Data mining for the beginning practice researcher

Ros Giles, Irwin Epstein and Anne Vertigan produced their book Clinical data mining in an allied health organisation: A real world experience (2011, Sydney Uni Press) as a result of working with very fortunate clinicians in Australia’s Hunter Valley.

This week in a workshop with Professor Giles, she reminded us just how much ready made data we are surrounded by when we work in Health. Statistics, file notes, monthly reports, correspondence, meeting minutes.

Heaps of ideas were developed by the 20 participants. Two of these were:

a file audit of social work notes, what information are we and aren’t we collecting? and

a record check of what happened, or didn’t for people over 70 who had a hospital readmission within 72 hours.

Afterwards I thought about my list of hospital referrals. I keep it pretty much for my own information but, if I was to do it a bit more consienciously – clean up my data collection, it would be more useful. If we’re collecting it might as well be useful, right?

What I could use this data for?( and it could be via a student); to look at the pattern of hospital referrals over time, their percentage of my clinical workload, and, if I went through ethics, what they involved. I’d have to go through ethics to access the files and certainly if a student was to. With this information, all stored within metres of my desk, I would have a clear and accurate picture of the social work service I provide into the hospital (I’m based in community health).

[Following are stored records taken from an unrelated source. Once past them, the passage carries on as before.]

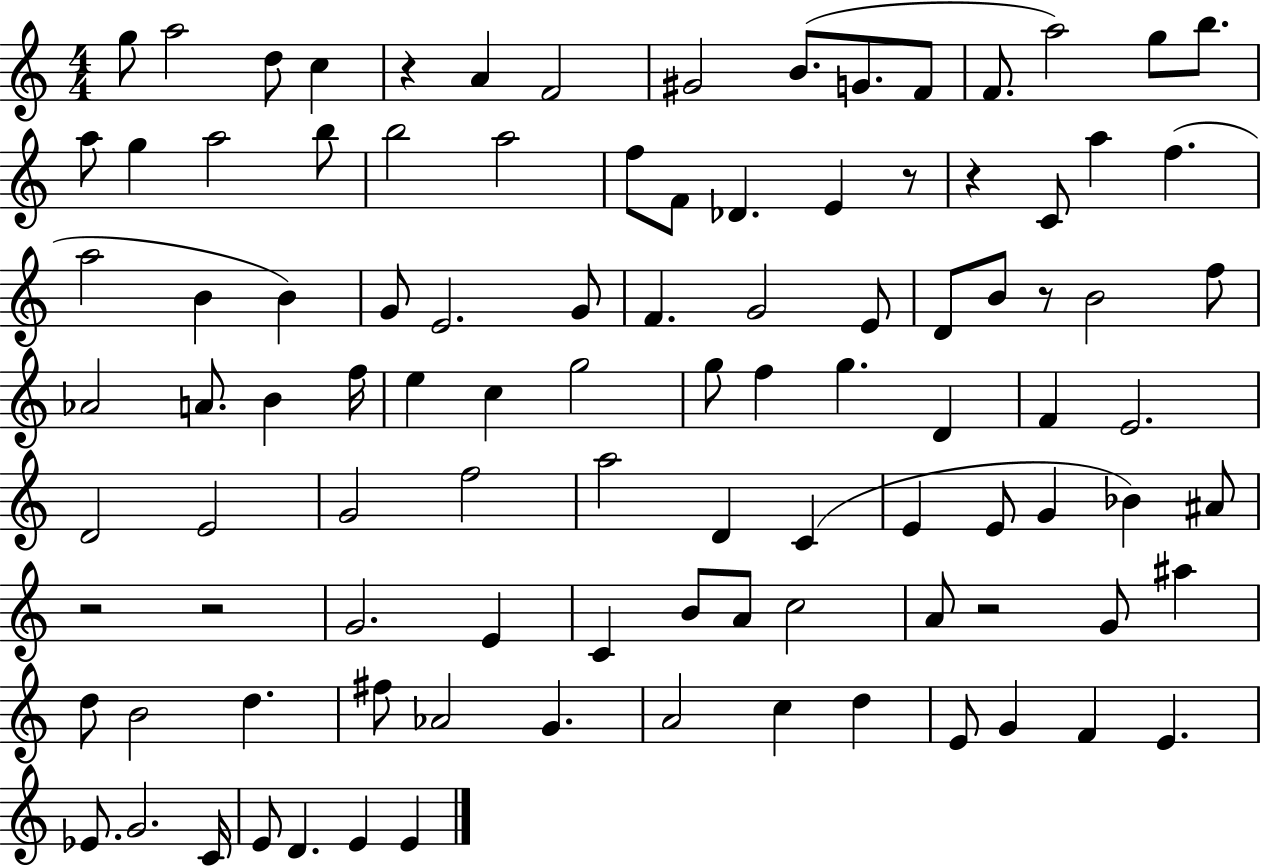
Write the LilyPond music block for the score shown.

{
  \clef treble
  \numericTimeSignature
  \time 4/4
  \key c \major
  g''8 a''2 d''8 c''4 | r4 a'4 f'2 | gis'2 b'8.( g'8. f'8 | f'8. a''2) g''8 b''8. | \break a''8 g''4 a''2 b''8 | b''2 a''2 | f''8 f'8 des'4. e'4 r8 | r4 c'8 a''4 f''4.( | \break a''2 b'4 b'4) | g'8 e'2. g'8 | f'4. g'2 e'8 | d'8 b'8 r8 b'2 f''8 | \break aes'2 a'8. b'4 f''16 | e''4 c''4 g''2 | g''8 f''4 g''4. d'4 | f'4 e'2. | \break d'2 e'2 | g'2 f''2 | a''2 d'4 c'4( | e'4 e'8 g'4 bes'4) ais'8 | \break r2 r2 | g'2. e'4 | c'4 b'8 a'8 c''2 | a'8 r2 g'8 ais''4 | \break d''8 b'2 d''4. | fis''8 aes'2 g'4. | a'2 c''4 d''4 | e'8 g'4 f'4 e'4. | \break ees'8. g'2. c'16 | e'8 d'4. e'4 e'4 | \bar "|."
}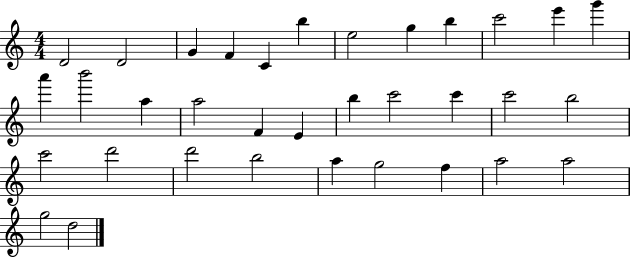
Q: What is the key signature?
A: C major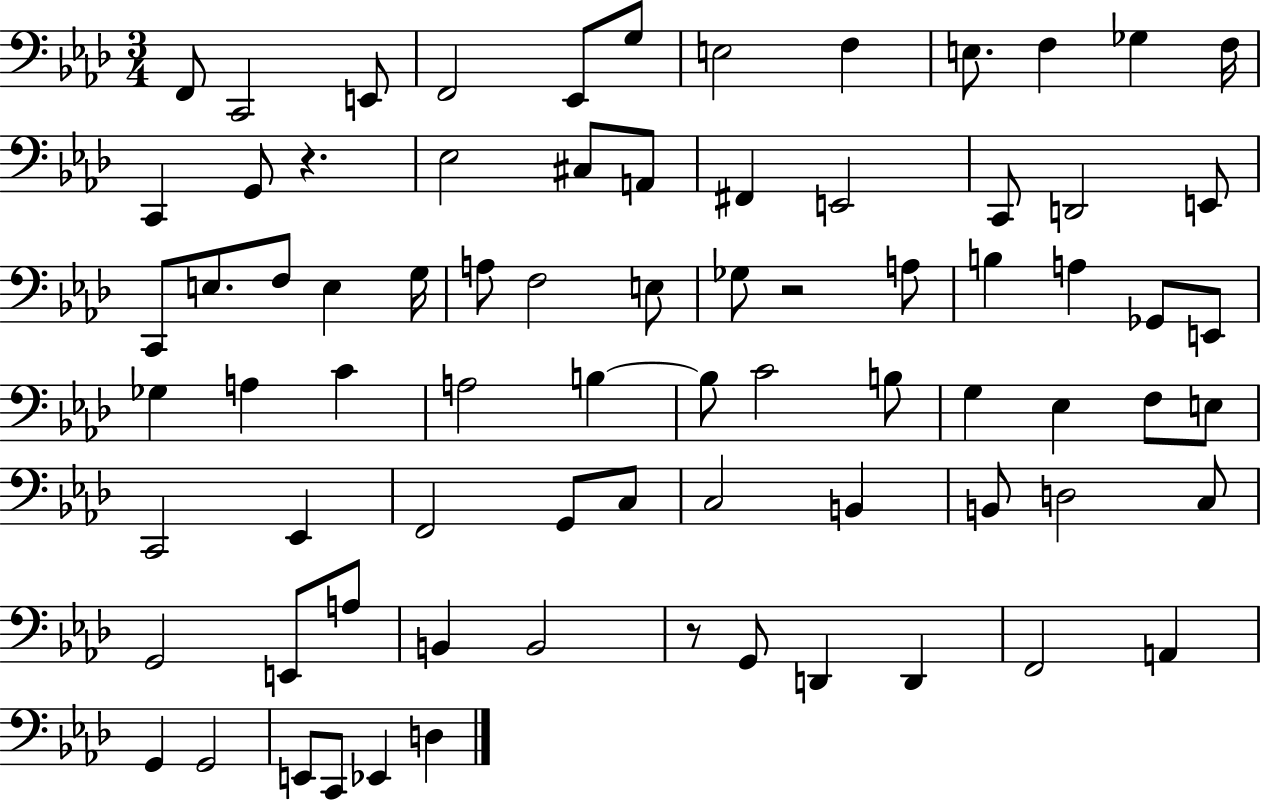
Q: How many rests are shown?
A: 3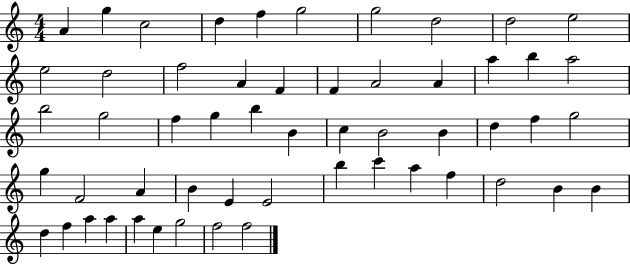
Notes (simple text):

A4/q G5/q C5/h D5/q F5/q G5/h G5/h D5/h D5/h E5/h E5/h D5/h F5/h A4/q F4/q F4/q A4/h A4/q A5/q B5/q A5/h B5/h G5/h F5/q G5/q B5/q B4/q C5/q B4/h B4/q D5/q F5/q G5/h G5/q F4/h A4/q B4/q E4/q E4/h B5/q C6/q A5/q F5/q D5/h B4/q B4/q D5/q F5/q A5/q A5/q A5/q E5/q G5/h F5/h F5/h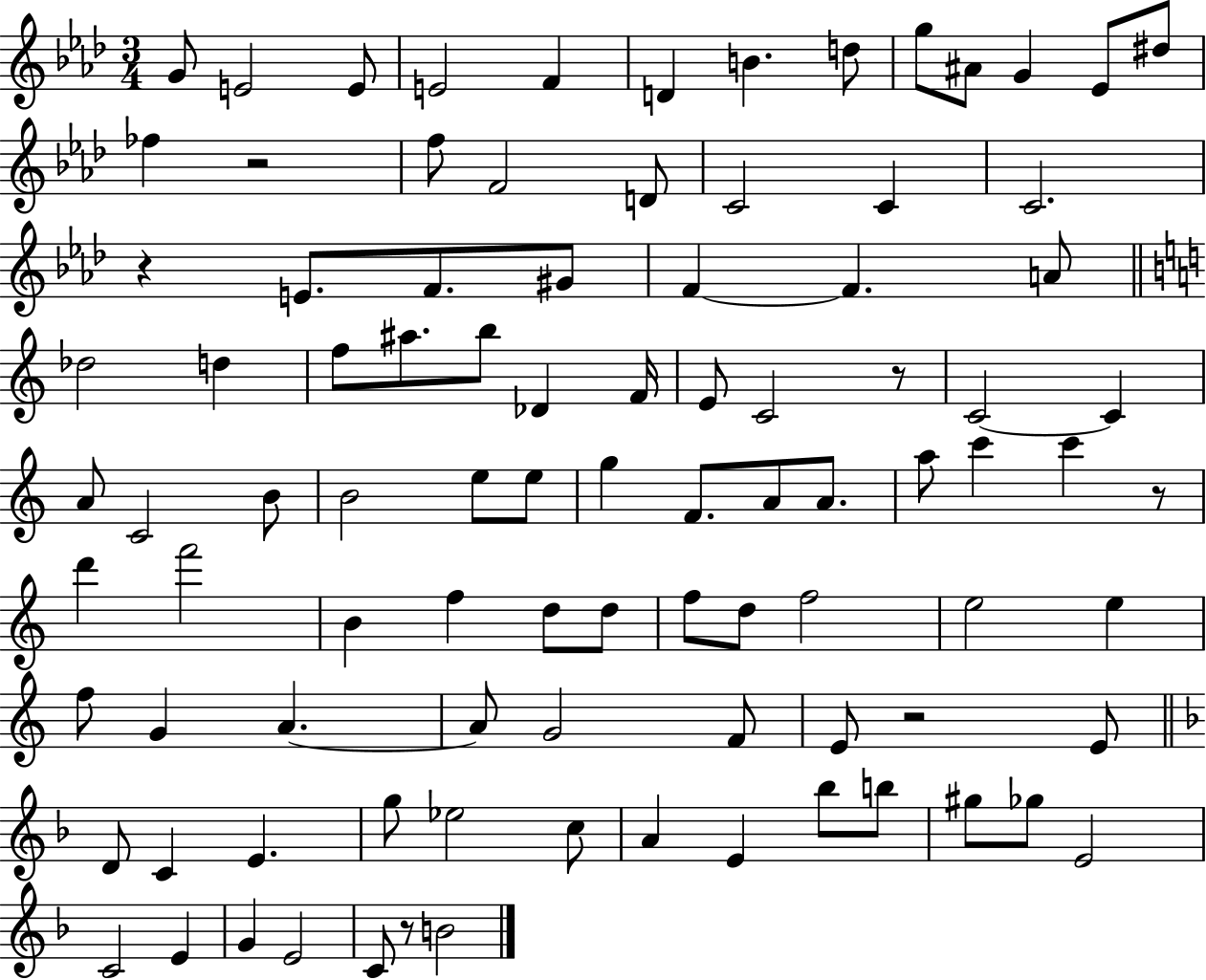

Now I know that’s not going to set the world on fire but its a great example of how a beginner practitioner can use service evaluation type research right from the get go to develop a research habit – something that is very much needed in our next generation of practitioners if we are going to be taken seriously as a profession.

… and I might just use that as a project for my next student to demonstrate how accessible data mining is as an entry level research strategy.